6. An apparatus for parametric coding of a multi-channel digital audio signal, the apparatus comprising: an encoder (312) capable of encoding a mono signal (M) originating from a downmix processing module (307) applied to the multi-channel signal; and a quantization module (315, 316, 317) for encoding multi-channel signal spatialization information,

wherein the downmix processing module comprises:

-an extraction module (307a) capable of obtaining, for each spectral unit of the multi-channel signal, at least one indicator characterizing a channel of the multi-channel digital audio signal;

-a selection module (307b) capable of selecting a down-mix processing mode from a set of down-mix processing modes for each spectral unit of the multi-channel signal depending on a value of the at least one indicator characterizing a channel of the multi-channel audio signal.
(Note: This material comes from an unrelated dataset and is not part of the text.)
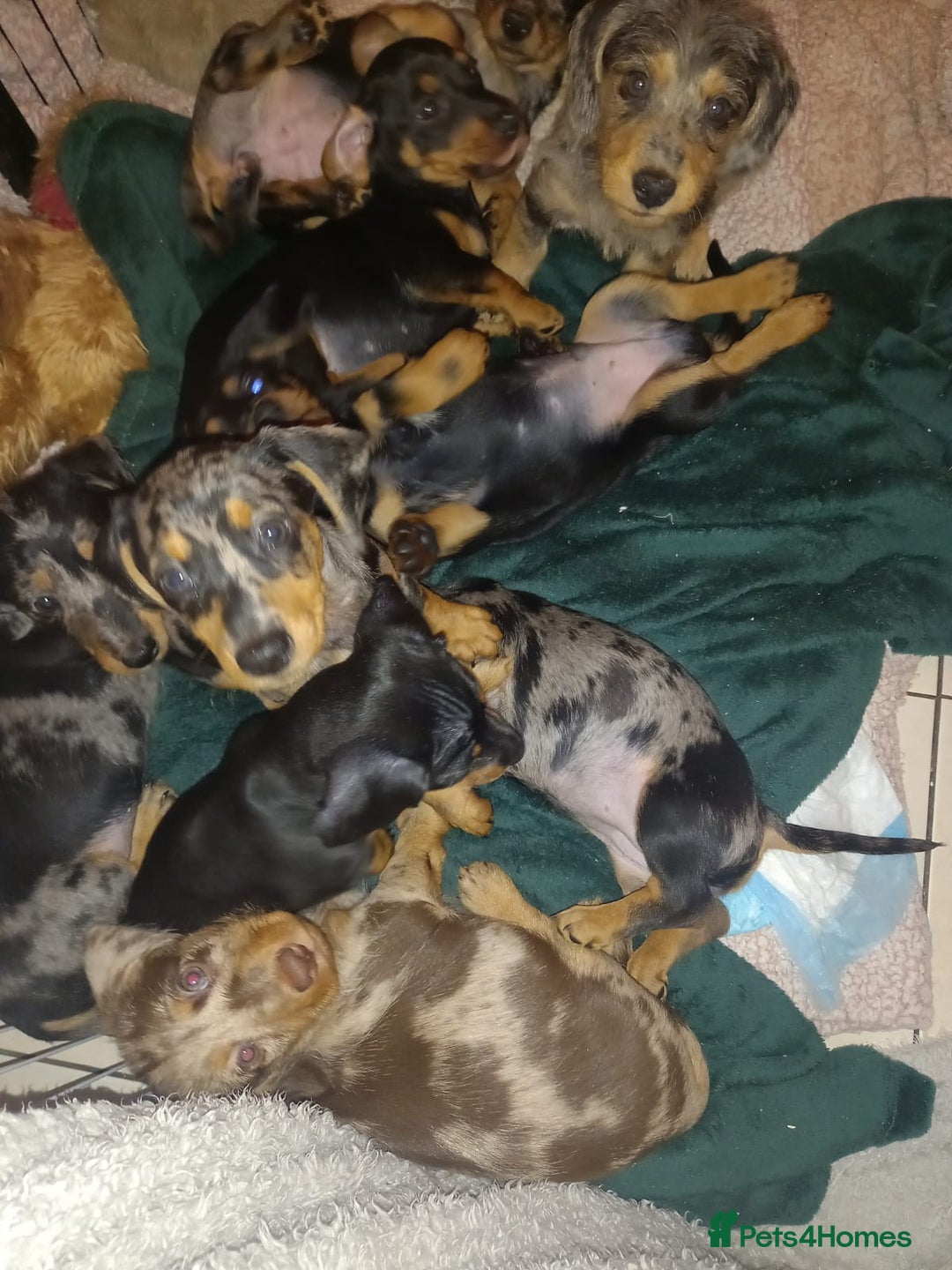 Dachshund dogs for sale: Dachshund cross pups 3/4 breed - Image 9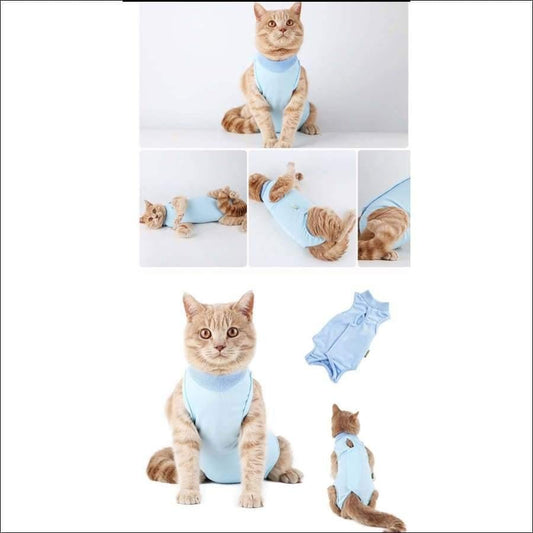 Pet Surgical Recovery Suit After Spay, Neuter or Injury Cat or Small Dog - Guiding Lights Boutique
7. Method for processing a decoded multi-channel audio signal, the method comprising a down-mixing process for obtaining a mono signal to be reproduced, characterized in that the down-mixing process comprises for each spectral unit of the multi-channel signal the following steps:

-extracting (605a) at least one indicator characterizing a channel of the multi-channel digital audio signal;

-selecting (605b) a down-mix processing mode from a set of down-mix processing modes depending on a value of the at least one indicator characterizing a channel of the multi-channel audio signal.

8. An apparatus for processing a decoded multi-channel audio signal, the apparatus comprising a downmix processing module for obtaining a mono signal to be reproduced, characterized in that the downmix processing module comprises:

-an extraction module (605a) capable of obtaining, for each spectral unit of the multi-channel signal, at least one indicator characterizing a channel of the multi-channel digital audio signal;

-a selection module (605b) capable of selecting a down-mix processing mode from a set of down-mix processing modes for each spectral unit of the multi-channel signal depending on a value of the at least one indicator characterizing a channel of the multi-channel audio signal.

9. A computer program comprising code instructions for implementing the steps of the method as claimed in one of claims 1 to 5 when these instructions are executed by a processor.

10. A processor-readable storage medium having stored thereon a computer program comprising code instructions for executing the steps of the method according to one of claims 1 to 5.